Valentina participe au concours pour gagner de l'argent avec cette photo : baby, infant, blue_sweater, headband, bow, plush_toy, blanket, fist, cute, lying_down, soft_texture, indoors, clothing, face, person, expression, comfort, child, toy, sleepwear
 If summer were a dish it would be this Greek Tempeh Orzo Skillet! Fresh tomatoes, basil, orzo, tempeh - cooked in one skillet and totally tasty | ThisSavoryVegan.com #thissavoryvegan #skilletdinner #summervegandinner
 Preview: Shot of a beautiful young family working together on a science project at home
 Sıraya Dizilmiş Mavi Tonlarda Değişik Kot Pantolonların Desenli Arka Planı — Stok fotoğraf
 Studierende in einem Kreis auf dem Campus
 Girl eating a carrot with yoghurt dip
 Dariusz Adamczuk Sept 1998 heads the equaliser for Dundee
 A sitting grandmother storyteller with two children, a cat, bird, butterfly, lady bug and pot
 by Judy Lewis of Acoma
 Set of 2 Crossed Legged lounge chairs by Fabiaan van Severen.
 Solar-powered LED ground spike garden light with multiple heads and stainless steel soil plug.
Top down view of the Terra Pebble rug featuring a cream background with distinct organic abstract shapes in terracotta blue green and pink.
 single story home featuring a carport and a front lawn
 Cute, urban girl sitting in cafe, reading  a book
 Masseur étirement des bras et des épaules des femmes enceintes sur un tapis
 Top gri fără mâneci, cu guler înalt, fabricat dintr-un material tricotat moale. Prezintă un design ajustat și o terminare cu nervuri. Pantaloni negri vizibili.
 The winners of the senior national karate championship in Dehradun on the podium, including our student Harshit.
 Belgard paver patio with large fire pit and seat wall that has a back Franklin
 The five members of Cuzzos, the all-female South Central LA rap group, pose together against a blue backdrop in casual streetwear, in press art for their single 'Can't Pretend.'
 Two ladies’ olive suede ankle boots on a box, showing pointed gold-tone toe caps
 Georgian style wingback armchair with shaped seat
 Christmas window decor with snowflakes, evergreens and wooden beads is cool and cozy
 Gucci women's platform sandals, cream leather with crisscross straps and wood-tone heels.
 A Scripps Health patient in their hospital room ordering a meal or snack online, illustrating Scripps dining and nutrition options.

──────────────────────────────

- [REQUIRED ACTION]: Type the entries out again so that they match exactly.

- [WORKED SOLUTION]:
Valentina participe au concours pour gagner de l'argent avec cette photo : baby, infant, blue_sweater, headband, bow, plush_toy, blanket, fist, cute, lying_down, soft_texture, indoors, clothing, face, person, expression, comfort, child, toy, sleepwear
 If summer were a dish it would be this Greek Tempeh Orzo Skillet! Fresh tomatoes, basil, orzo, tempeh - cooked in one skillet and totally tasty | ThisSavoryVegan.com #thissavoryvegan #skilletdinner #summervegandinner
 Preview: Shot of a beautiful young family working together on a science project at home
 Sıraya Dizilmiş Mavi Tonlarda Değişik Kot Pantolonların Desenli Arka Planı — Stok fotoğraf
 Studierende in einem Kreis auf dem Campus
 Girl eating a carrot with yoghurt dip
 Dariusz Adamczuk Sept 1998 heads the equaliser for Dundee
 A sitting grandmother storyteller with two children, a cat, bird, butterfly, lady bug and pot
 by Judy Lewis of Acoma
 Set of 2 Crossed Legged lounge chairs by Fabiaan van Severen.
 Solar-powered LED ground spike garden light with multiple heads and stainless steel soil plug.
Top down view of the Terra Pebble rug featuring a cream background with distinct organic abstract shapes in terracotta blue green and pink.
 single story home featuring a carport and a front lawn
 Cute, urban girl sitting in cafe, reading  a book
 Masseur étirement des bras et des épaules des femmes enceintes sur un tapis
 Top gri fără mâneci, cu guler înalt, fabricat dintr-un material tricotat moale. Prezintă un design ajustat și o terminare cu nervuri. Pantaloni negri vizibili.
 The winners of the senior national karate championship in Dehradun on the podium, including our student Harshit.
 Belgard paver patio with large fire pit and seat wall that has a back Franklin
 The five members of Cuzzos, the all-female South Central LA rap group, pose together against a blue backdrop in casual streetwear, in press art for their single 'Can't Pretend.'
 Two ladies’ olive suede ankle boots on a box, showing pointed gold-tone toe caps
 Georgian style wingback armchair with shaped seat
 Christmas window decor with snowflakes, evergreens and wooden beads is cool and cozy
 Gucci women's platform sandals, cream leather with crisscross straps and wood-tone heels.
 A Scripps Health patient in their hospital room ordering a meal or snack online, illustrating Scripps dining and nutrition options.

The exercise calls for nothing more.